Basic statistics and epidemiology: a practical guide
Article first published online: 2 AUG 2011
© 2011 The Authors. ANZJPH © 2011 Public Health Association of Australia
Australian and New Zealand Journal of Public Health
Volume 35, Issue 4, page 397, August 2011
How to Cite
(2011), Basic statistics and epidemiology: a practical guide. Australian and New Zealand Journal of Public Health, 35: 397. doi: 10.1111/j.1753-6405.2011.00751.x
- Issue published online: 2 AUG 2011
- Article first published online: 2 AUG 2011
By: AntonyStewart . Radcliffe Publishing , Oxford . 200 pages . ISBN 978-1-84619-411-5 .
Reviewed by Paul Agius
La Trobe University, Victoria
Elementary applied statistics texts are as common as the cold. Less common are well and clearly written examples, crafted in such a way as to allay the anxiety often experienced by the target audience of these texts. Basic statistics and epidemiology: a practical guide takes up this challenge and, to a large extent, succeeds.
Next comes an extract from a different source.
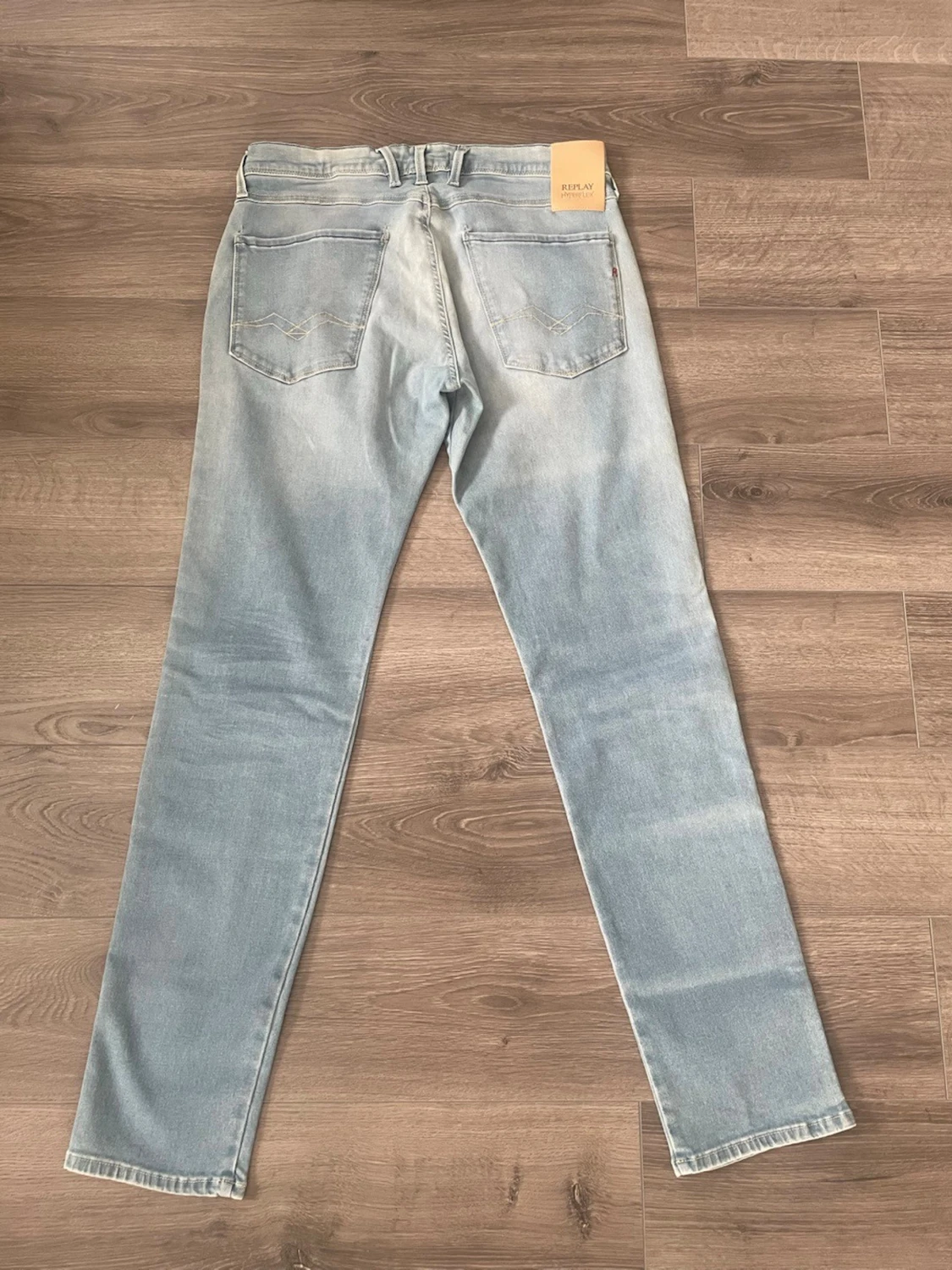 Ljusblå Replay jeans - 2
This is the third edition of the book and it covers statistical topics that would be of interest to those with little knowledge of the basic principles of applied quantitative methods as they relate to social and health research. The book is made up of 31 chapters covering topics such as populations and sampling, power and sample size, levels of measurement, descriptive statistics, hypothesis testing, the normal distribution and probability. In terms of specific statistical methods, the book offers explanations of t-tests, analysis of variance (ANOVA), chi-square tests, bivariate correlation and linear regression. The book also has a section on epidemiological methods, and gives informative introductory explanations of cohort and case control designs, randomised control trials and common, discipline-specific, measures of association.
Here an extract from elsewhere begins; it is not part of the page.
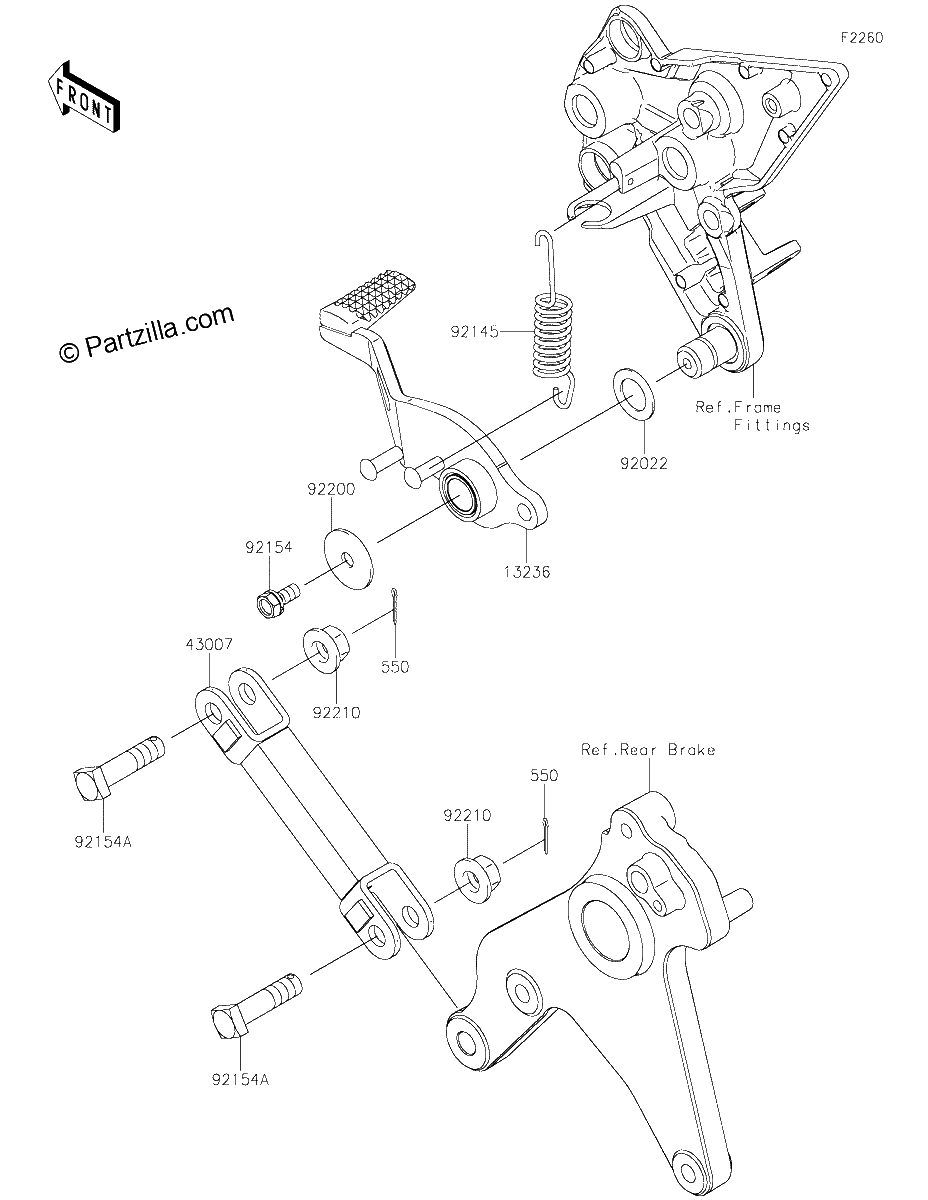 Diagrama de BRAKE PEDAL TORQUE LINK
I think one of the challenges in writing introductory methods texts is the extent to which elementary discussion of fundamental statistical methods and topics is engaged in at the expense of sufficient theoretical and methodological depth to adequately equip the novice researcher; even at an introductory level. It is in this respect that I feel this book disappoints in some respects. The chapter on ANOVA is a welcome inclusion in this third edition; however I believe the lack of any discussion of repeated measures ANOVA (although the paired t-test is covered and the author does provide references for further reading on ANOVA), or post hoc/planned comparisons with respect to one-way ANOVA, are significant omissions. The failure to include a section on repeated measures design is particularly surprising, given the book is partly aimed at those working in epidemiological settings where a considerable proportion of research involves longitudinal or panel data.
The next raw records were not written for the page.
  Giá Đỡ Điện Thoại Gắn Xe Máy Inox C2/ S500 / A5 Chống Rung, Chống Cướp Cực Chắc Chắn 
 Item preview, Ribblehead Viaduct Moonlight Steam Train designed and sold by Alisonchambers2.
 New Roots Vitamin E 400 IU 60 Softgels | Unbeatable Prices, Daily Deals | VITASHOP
Similarly, although the topic of theoretical assumptions underpinning statistical methods is raised briefly in the book, coverage of the topic is limited. The author discusses the assumption of equal variance between groups in one-way ANOVA, however other basic assumptions, such as independence of observations, the level of measurement and normality of the dependent measure, are not covered with respect to ANOVA and OLS regression. I feel the book would have benefited from a more specific focus on assumptions here, including elementary steps the reader might take when assumptions are not met (e.g. transformations of dependent variables with non-normal distributions in linear regression). Moreover, I found the lack of any discussion relating to missing data – what it is, the different types and how to treat it (i.e. imputation) – surprising and, to some extent, undermined the books applicability.
Despite these shortcomings, the book has much to offer the novice quantitative researcher and indeed the more experienced researcher with little experience of health statistics per se. In particular, I found the chapters covering epidemiological methods and measures of association informative. In the book, discussions of key and often misunderstood epidemiological measures, such as odds ratios and the various risk estimates (absolute, relative, attributable and population attributable), are outlined clearly and in most cases basic examples are used well to communicate the theory underpinning these measures. The author also provides exercises that cover a large proportion of the material outlined in the book and this is useful to further reinforce learning.
As I mentioned earlier in this review, it is difficult to find applied introductory statistical methods texts that are comprehensively written and sufficiently detailed, but, most importantly, also inviting to read for those anxious about learning statistics. This book, on the whole, achieves this and I would recommend it as a worthwhile starting point reference for those new to epidemiological methods or quantitative research generally.